● **ABOUT THIS TASK**:
Could you restate the data below word for word, without its pictures?

Short web captions
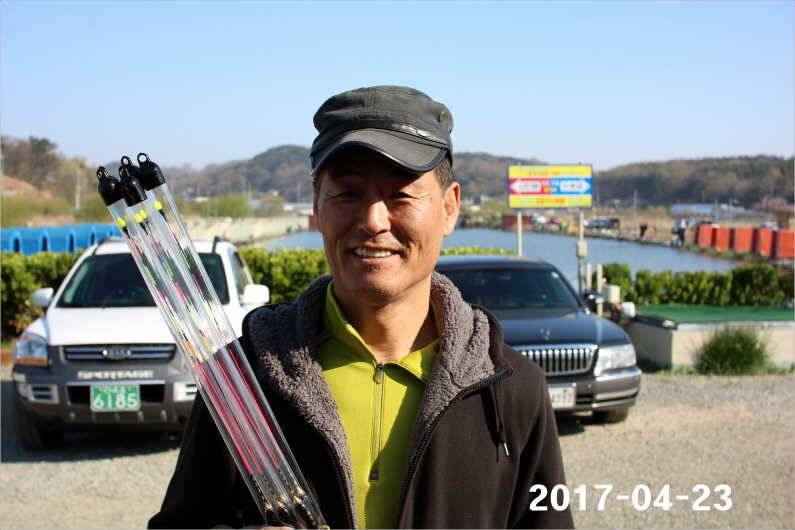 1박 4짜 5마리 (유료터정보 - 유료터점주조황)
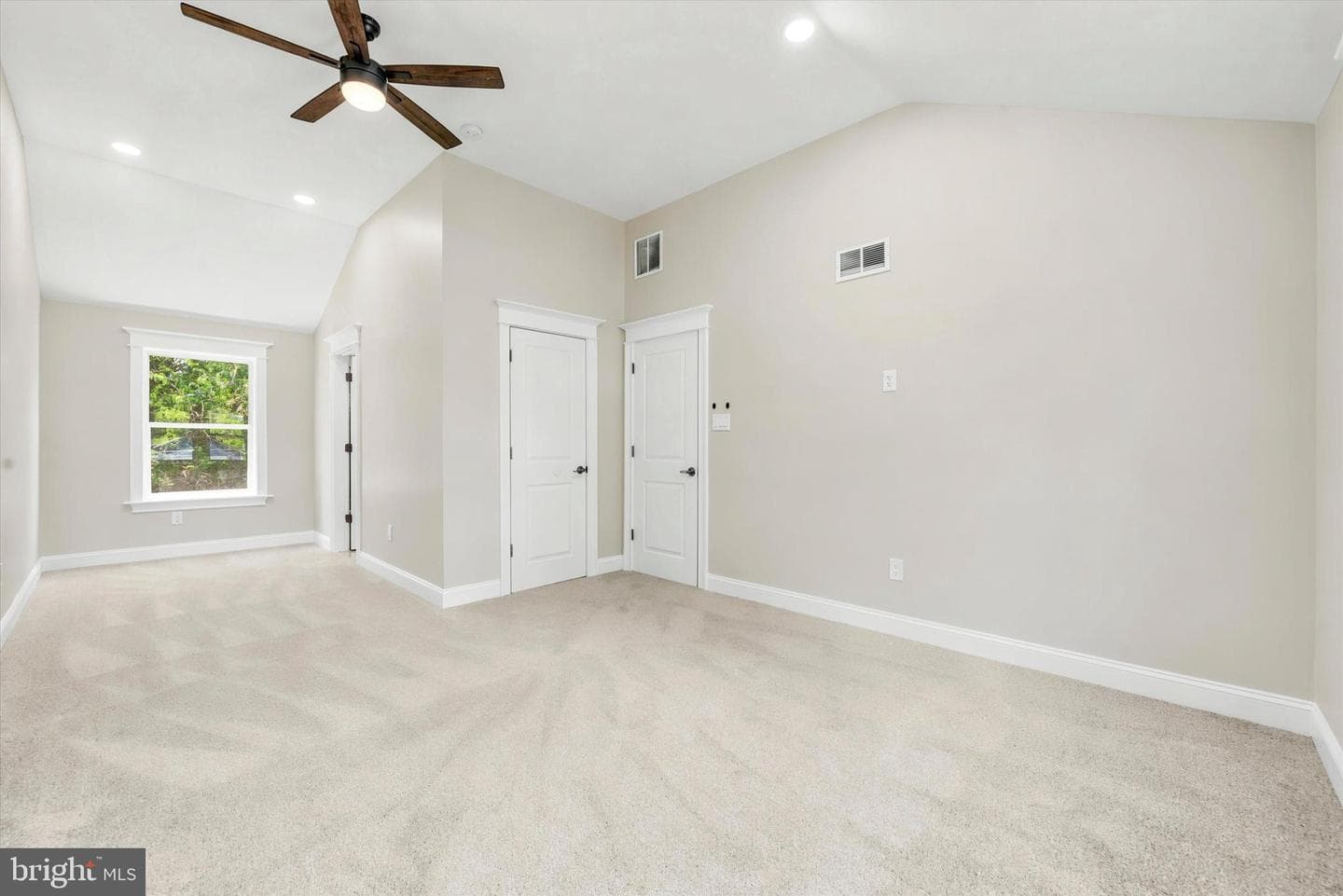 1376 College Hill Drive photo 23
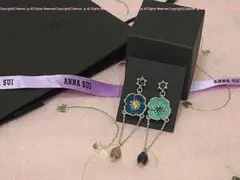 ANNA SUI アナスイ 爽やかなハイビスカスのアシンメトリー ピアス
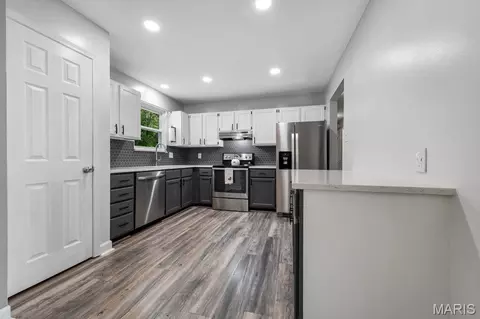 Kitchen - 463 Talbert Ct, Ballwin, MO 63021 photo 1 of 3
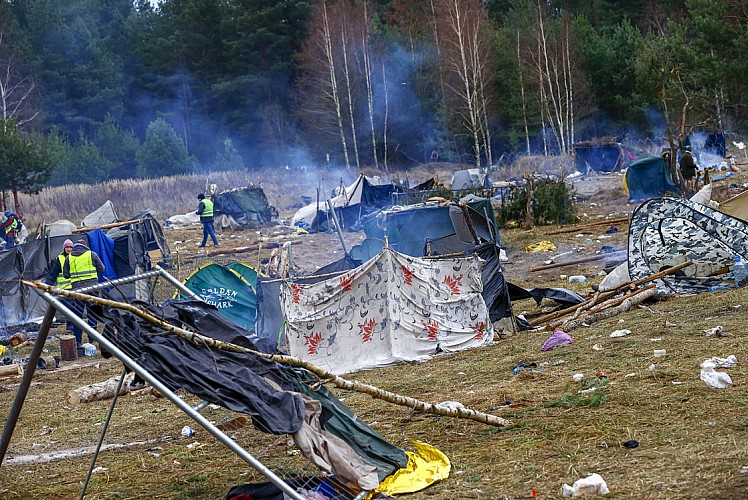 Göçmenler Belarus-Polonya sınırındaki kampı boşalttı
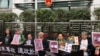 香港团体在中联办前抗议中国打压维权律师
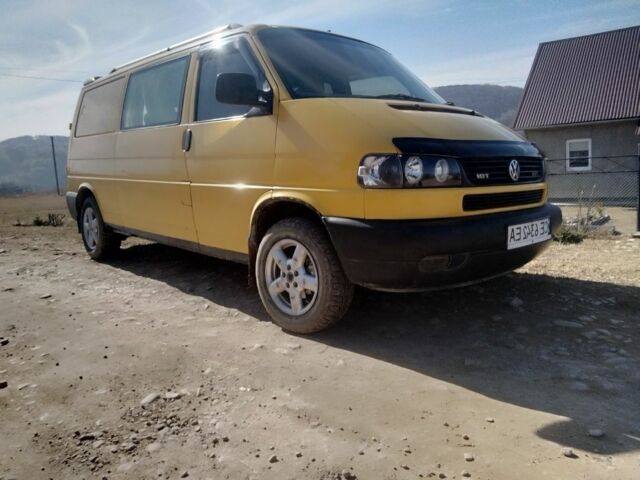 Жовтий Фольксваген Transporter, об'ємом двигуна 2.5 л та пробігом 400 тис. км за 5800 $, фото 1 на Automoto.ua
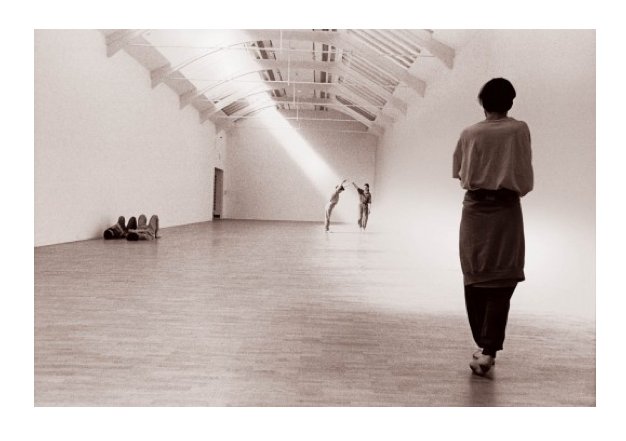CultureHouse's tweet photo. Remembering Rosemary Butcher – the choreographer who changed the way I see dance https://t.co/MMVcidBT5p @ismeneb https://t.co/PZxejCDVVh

● **SOLUTION TO THE PROBLEM**:
 1박 4짜 5마리 (유료터정보 - 유료터점주조황)
 1376 College Hill Drive photo 23
 ANNA SUI アナスイ 爽やかなハイビスカスのアシンメトリー ピアス
 Kitchen - 463 Talbert Ct, Ballwin, MO 63021 photo 1 of 3
 Göçmenler Belarus-Polonya sınırındaki kampı boşalttı
 香港团体在中联办前抗议中国打压维权律师
 Жовтий Фольксваген Transporter, об'ємом двигуна 2.5 л та пробігом 400 тис. км за 5800 $, фото 1 на Automoto.ua
CultureHouse's tweet photo. Remembering Rosemary Butcher – the choreographer who changed the way I see dance https://t.co/MMVcidBT5p @ismeneb https://t.co/PZxejCDVVh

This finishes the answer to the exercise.